Tuvale düşen 141 gün

Gazeteci ve ressam Zehra Doğan’ın “141” adlı resim sergisi Amed Şehir Tiyatrosu’nda açıldı. Sergide yer alan resimlerde baskı altında tutulan kadının direnişini anlatan Doğan, projeleri hakkında da bilgi verdi.

Abone ol

Asker, “Gideceksiniz” demiş, “Köyü boşaltın gidin.” Ailesi pılıyı pırtıyı toplayıp, Mardin’in Mazıdağı ilçesine bağlı köylerinden Diyarbakır’ın Bağlar ilçesine göç etmiş. Elde yok, avuçta yok; yoksul bir aile. Adam ev tutmak, bir iş bulup çalışmaya başlayıncaya kadar geçinebilmek için eşinin bileziklerini satıyor. Köyden göç eden akrabalar, üç adalı eve atıyor kapağı, kimsenin başka yere gidecek ekonomik gücü yok. Amcalar, yengeler, kuzenler… Zehra Doğan böyle bir ortamda geliyor dünyaya.

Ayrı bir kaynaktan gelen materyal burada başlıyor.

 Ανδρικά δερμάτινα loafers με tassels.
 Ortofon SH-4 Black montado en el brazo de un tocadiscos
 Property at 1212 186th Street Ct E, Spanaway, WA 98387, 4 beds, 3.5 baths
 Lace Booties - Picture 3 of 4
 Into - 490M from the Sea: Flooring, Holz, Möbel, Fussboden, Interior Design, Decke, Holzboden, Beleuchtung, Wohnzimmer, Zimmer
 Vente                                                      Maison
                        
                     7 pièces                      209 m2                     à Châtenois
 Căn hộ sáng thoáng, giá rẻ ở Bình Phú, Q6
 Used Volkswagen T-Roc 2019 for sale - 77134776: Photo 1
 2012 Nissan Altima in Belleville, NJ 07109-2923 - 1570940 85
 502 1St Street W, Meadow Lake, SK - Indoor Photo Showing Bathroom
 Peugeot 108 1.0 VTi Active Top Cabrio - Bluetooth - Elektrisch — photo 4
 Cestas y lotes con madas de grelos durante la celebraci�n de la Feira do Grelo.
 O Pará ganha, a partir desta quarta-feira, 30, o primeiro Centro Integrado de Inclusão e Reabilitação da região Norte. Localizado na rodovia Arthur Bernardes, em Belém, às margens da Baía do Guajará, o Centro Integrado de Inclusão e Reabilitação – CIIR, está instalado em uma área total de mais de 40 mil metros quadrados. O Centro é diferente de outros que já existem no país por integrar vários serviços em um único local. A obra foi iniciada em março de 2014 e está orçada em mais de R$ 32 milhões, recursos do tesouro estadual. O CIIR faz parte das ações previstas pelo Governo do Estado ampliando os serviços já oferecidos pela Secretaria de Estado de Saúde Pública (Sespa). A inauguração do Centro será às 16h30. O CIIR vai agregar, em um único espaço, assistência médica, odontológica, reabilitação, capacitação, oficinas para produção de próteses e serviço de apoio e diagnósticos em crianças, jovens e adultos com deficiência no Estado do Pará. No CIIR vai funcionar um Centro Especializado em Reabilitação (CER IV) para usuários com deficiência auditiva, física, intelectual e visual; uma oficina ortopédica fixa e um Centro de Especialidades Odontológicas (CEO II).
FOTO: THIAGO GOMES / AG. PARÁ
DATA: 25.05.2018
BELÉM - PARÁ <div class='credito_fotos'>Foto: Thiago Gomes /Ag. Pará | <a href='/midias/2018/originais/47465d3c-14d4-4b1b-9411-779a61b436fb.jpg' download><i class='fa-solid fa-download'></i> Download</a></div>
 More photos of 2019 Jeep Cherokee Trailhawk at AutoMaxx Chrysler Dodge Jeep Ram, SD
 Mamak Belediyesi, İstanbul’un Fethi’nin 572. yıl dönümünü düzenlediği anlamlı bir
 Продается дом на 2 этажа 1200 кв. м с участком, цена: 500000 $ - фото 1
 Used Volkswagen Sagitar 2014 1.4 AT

Ailesinin yerleştiği Bağlar, 1980’li yılların sonunda aldığı yoğun göç ile büyüyen bir semttir. Bölgedeki savaşın, göçün, yoksulluğun fotoğrafı gibidir Bağlar. Çelişkiler öfkeyle çıkış arar, umutsuzluk her türden şiddetle ifade eder kendisini. Nâzım’ın “Güzel günler göreceğiz çocuklar” dizesiyle vaat ettiği dünya, bir uzak ihtimal olsa da, yaşama sevincini diri tuttuğuna kuşku yok.

NEWROZ ATEŞLE KUTLANIR

Zehra Doğan bu yoksulluğun, şiddet sarmalının, her şeye rağmen yaşama sevincinin içinde büyür. “Sokakta her zaman bir çatışma vardı, ya polis ile göstericiler arasında ya da Hizbullahçılar ile yurtseverler arasında. Cenazeler geliyordu ve cenaze törenine bütün çocuklar katılıyordu. Newroz kutlamak yasaktı. Polis Newroz kutlaması olmasın diye okulun etrafını sardı. Öğrenciler yakacak bir şey bulamayınca, ceketlerini yakarak kutladı Newroz’u.”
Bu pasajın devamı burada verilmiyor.